Where in the data below does the word "Power" appear? Copy each line that holds it.

Data excerpts:
★ ★ ★ ★ ★ ★ ★

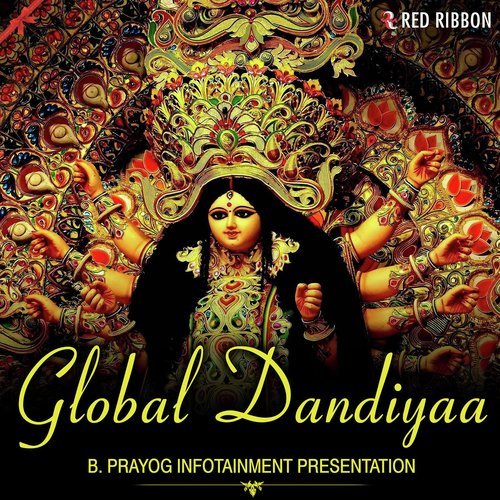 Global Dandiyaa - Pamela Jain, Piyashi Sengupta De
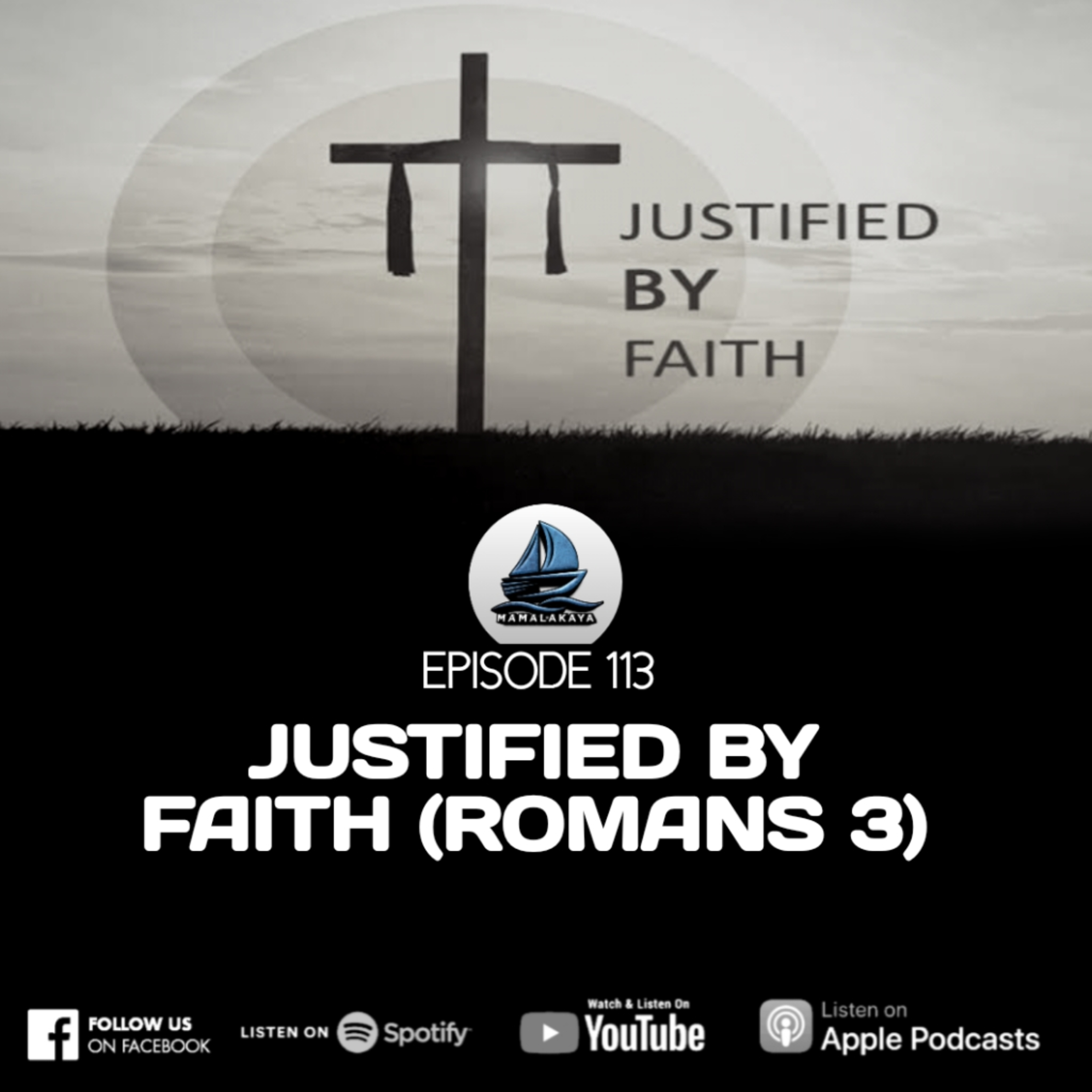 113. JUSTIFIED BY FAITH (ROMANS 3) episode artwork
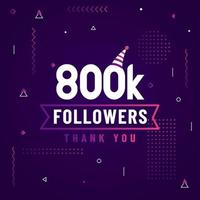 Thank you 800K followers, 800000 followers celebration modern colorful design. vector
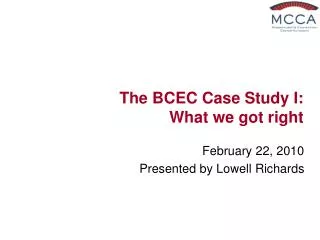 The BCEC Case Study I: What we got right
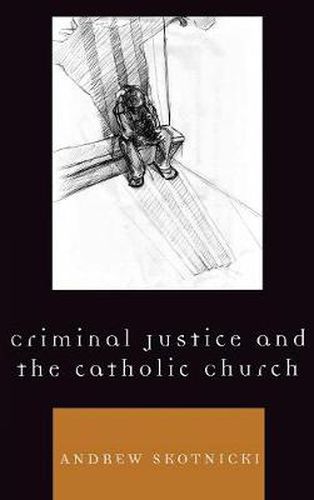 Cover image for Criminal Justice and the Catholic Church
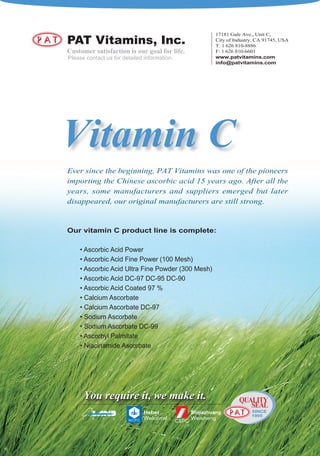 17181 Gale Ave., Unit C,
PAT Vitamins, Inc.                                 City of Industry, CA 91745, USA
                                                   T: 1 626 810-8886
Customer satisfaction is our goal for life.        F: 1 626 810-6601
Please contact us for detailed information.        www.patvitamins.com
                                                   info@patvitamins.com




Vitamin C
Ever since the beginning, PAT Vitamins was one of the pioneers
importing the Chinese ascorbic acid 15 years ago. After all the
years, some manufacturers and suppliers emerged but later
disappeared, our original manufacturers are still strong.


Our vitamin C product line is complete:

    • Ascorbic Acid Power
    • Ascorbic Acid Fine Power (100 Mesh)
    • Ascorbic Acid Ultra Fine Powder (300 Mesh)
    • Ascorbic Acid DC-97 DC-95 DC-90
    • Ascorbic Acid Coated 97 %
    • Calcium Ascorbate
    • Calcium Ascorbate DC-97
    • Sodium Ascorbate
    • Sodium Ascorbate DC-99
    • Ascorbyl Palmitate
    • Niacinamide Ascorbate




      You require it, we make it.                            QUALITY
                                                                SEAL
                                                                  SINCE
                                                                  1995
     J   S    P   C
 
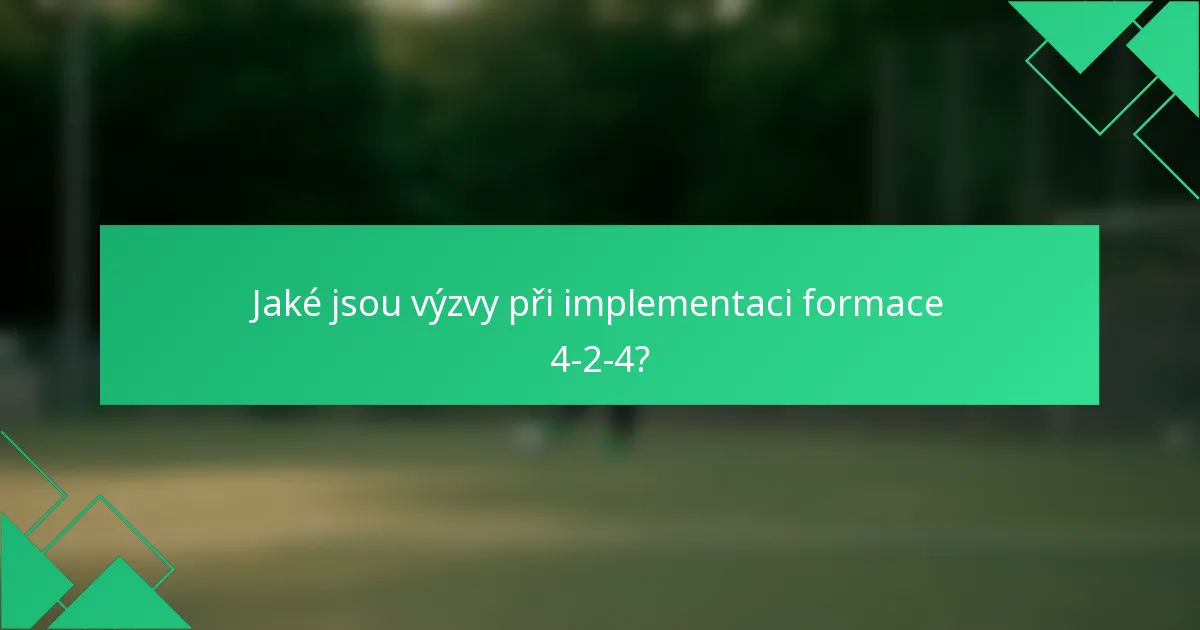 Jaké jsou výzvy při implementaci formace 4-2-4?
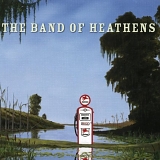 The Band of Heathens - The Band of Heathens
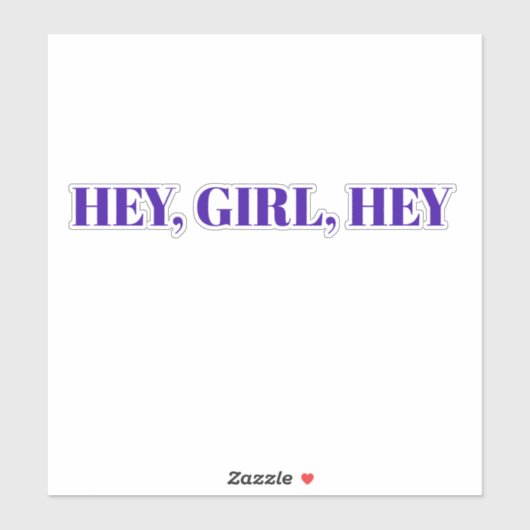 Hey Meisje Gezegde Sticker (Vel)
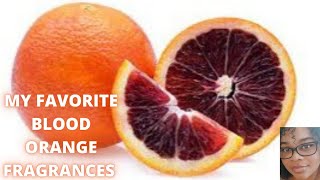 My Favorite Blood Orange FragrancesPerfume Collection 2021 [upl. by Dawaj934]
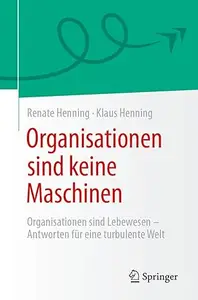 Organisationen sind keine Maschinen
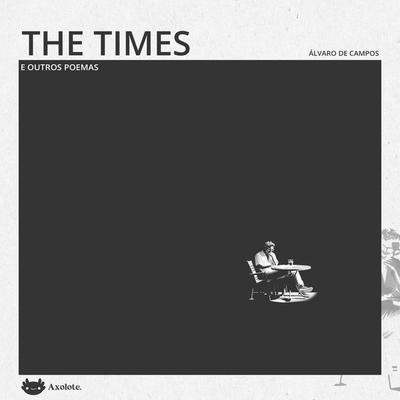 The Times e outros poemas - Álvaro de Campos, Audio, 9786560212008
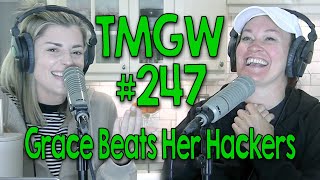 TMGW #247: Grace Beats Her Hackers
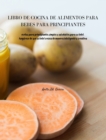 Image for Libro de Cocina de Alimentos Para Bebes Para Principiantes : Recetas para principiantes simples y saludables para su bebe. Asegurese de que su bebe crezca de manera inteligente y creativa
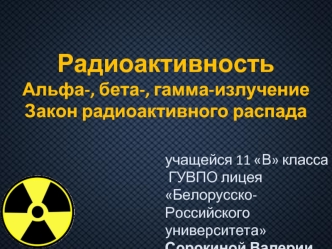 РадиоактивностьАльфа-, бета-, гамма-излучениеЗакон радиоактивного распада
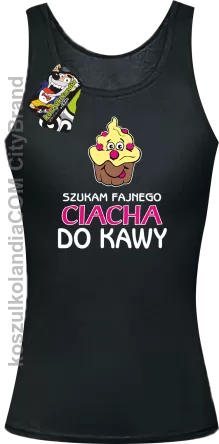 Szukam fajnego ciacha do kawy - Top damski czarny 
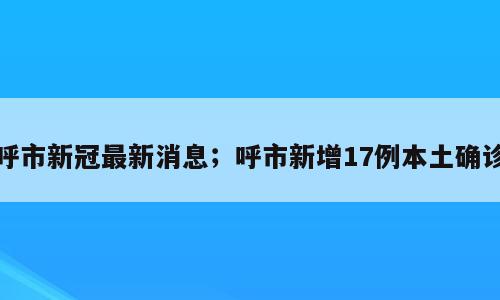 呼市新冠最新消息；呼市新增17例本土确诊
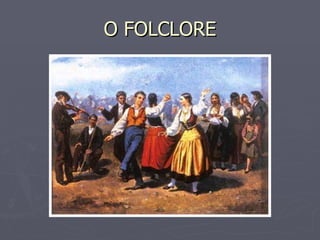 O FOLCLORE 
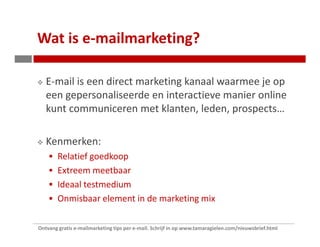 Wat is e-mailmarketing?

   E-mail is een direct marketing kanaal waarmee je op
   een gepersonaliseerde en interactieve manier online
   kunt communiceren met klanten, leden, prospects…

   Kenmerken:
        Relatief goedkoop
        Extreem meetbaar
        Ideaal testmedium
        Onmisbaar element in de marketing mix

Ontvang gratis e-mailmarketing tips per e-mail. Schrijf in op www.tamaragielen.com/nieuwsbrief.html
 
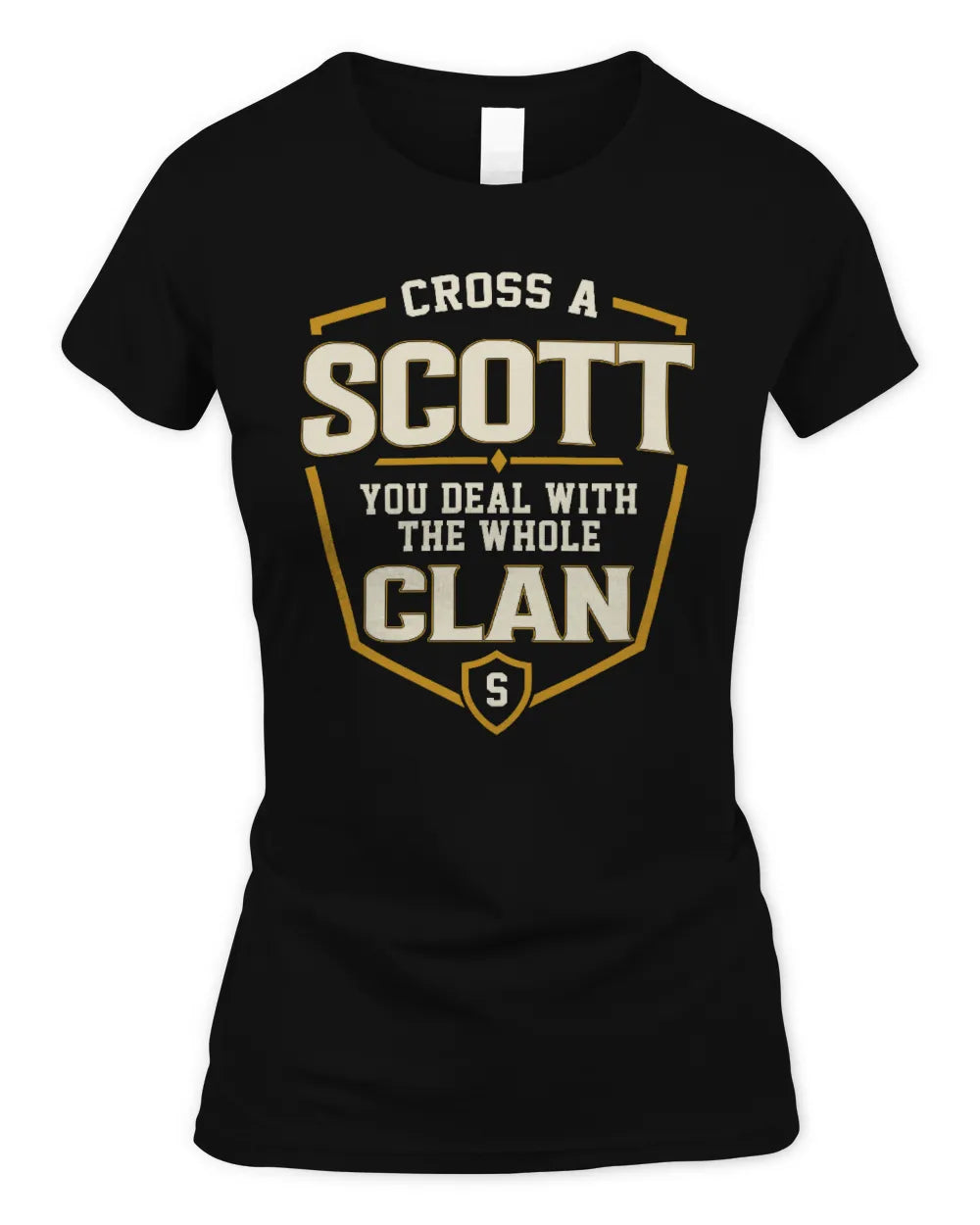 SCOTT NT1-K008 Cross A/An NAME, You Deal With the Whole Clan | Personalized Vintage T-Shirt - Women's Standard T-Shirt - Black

★ ★ ★ ★ ★ ★ ★

Solved problem:
    • Ascorbic Acid Power
    • Ascorbic Acid Fine Power (100 Mesh)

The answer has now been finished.